“Optimal Electoral Timing: Exercise Wisely and You May Live Longer”, Keppo, Smith, and Davydov (Review of Economic Studies, 2008)
We first deduce a novel and statistically significant model of the polling process. Nate Silver is famous for his purely statistical model of the polls, say for Trump, but our model escapes his purely kitchen sink mysterious approach. We assume that the best party is hidden from all, and periodically and randomly changes according to a continuous-time Markov process. Voters have heterogeneous cardinal preferences.
Voters continuously learn over time about this unobserved Markovian state from the news media. As in finance, this is modeled as a continuous time diffusion process. The polls then are noisy reflections of voter heterogeneity, these fickle fortunes of political parties, and the continuous onslaught of media information. The result is a tractable mean-reverting stochastic process whose long-run distribution we precisely compute.
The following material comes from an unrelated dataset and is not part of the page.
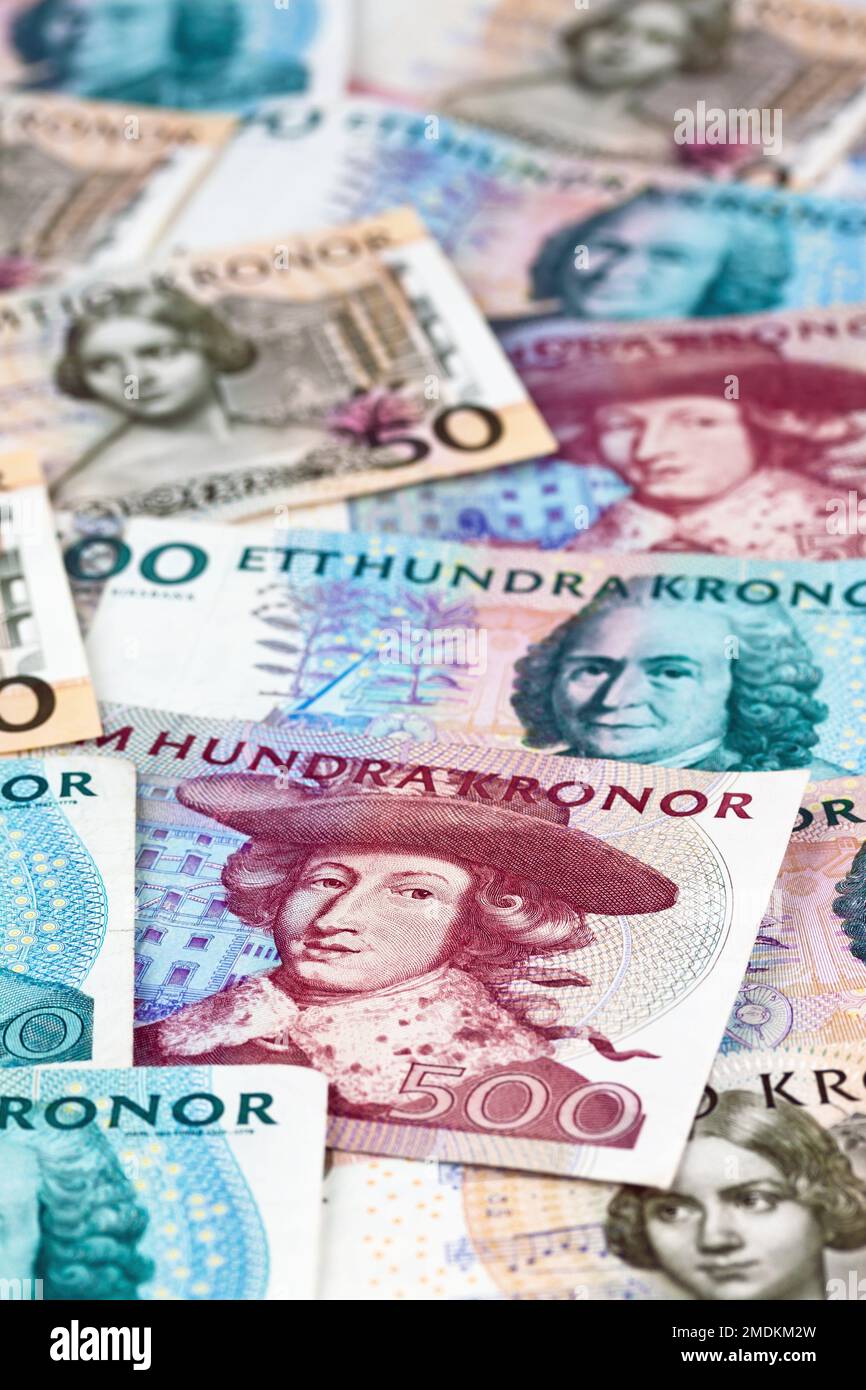 old Swedish kronors with drawings of Karl XI, Carl Linnaeus and Jenny Lind,  Sweden Stock Photo - Alamy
Next, the timing of elections is flexible in many countries. We explore optimal electoral timing, modeling it as a renewable American option with interacting waiting and stopping values. The government continuously entertains a waiting value depending on its support and time left. It calls an election when its political standing first hits a non-linear stopping barrier. Since the winning government reacquires the election calling option, the stopping value is recursively defined in terms of future waiting values.
Inter alia, we show that the expected longevity is a convex, then concave, function of the support. Finally, we calibrate our model to the post-1945 Labour–Tory U.K. rivalry. Our story quite well explains when the elections were called. We also show that election options approximately double the expected time in power in the current streak.